Announcement

Collapse
No announcement yet.
X
  • Filter
  • Time
  • Show
Clear All
new posts

  • Fill up values by first non-missing in group

    I would like to fill up values for a variable, say number, with the first (and only) non-missing number in the same group (captured by the group identifier id) such that

    Code:
    * Example generated by -dataex-. To install: ssc install dataex
    clear
    input byte id double number
    1 23
    1  .
    1  .
    2 12
    2  .
    3  5
    3  .
    3  .
    end
    will be completed to

    Code:
    * Example generated by -dataex-. To install: ssc install dataex
    clear
    input byte id double number
    1 23
    1 23
    1 23
    2 12
    2 12
    3  5
    3  5
    3  5
    end
    I do realize that this question has been asked and answered before. I have found some useful initial help here and here. I ended up with three different versions of code:

    Code:
    bysort id : replace number = number[_n-1] if missing(number) & _n > 1    
    bysort id : replace number = number[1]
    bysort id (number): replace number=number[_N]
    However, neither of these versions would produce the result that I am looking for (see table above). For some ids (say id=1 and id=3) it worked, for others it did not (I got only missing number values for id=2 despite the fact that the number was nonmissing for id=2 in the original data).

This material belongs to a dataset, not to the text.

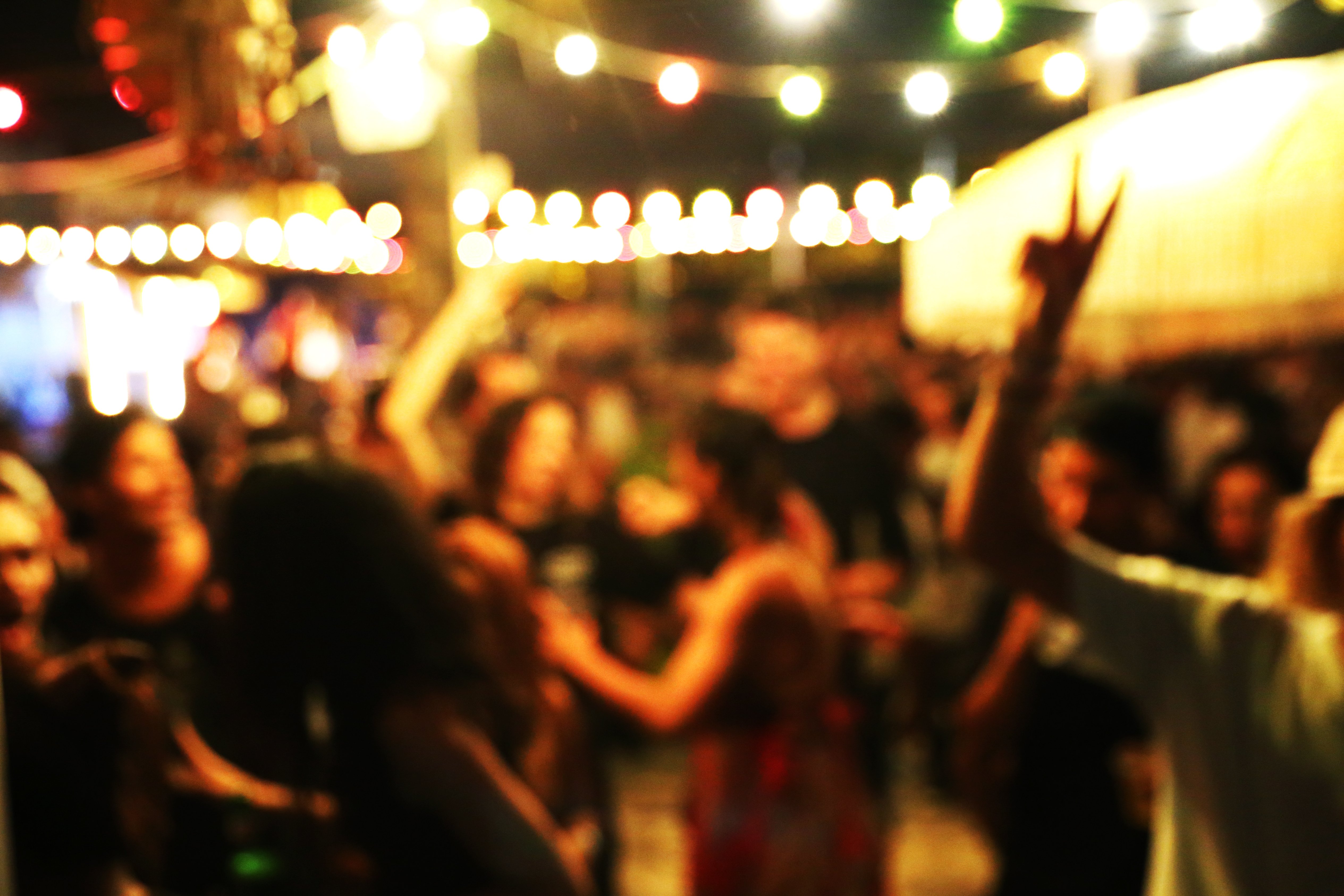 ΑΑΔΕ: Λουκέτο σε γνωστό beach bar στην Βουλιαγμένη που «ξεχνούσε» να κόβει αποδείξεις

    Do you have some other suggestions I could try? What could be possible potential sources of error? What additional information could I look for / provide to make the error hunting feasible?

    Many thanks,
    Milan

  • #2
    You cite the FAQ http://www.stata.com/support/faqs/da...issing-values/ but what you say makes limited sense otherwise.

    Let's peel off first

    Code:
     bysort id (number): replace number=number[_N]
    That would sort the highest value observed in each block (which could be missing) to the end of each block and use that to overwrite all values in the same block, regardless of whether values were missing. That's not a good idea at all. It's not a solution for your stated problem.

    Code:
     bysort id: replace number=number[1]    
     bysort id : replace number = number[_n-1] if missing(number) & _n > 1
    are both solutions for your stated problem.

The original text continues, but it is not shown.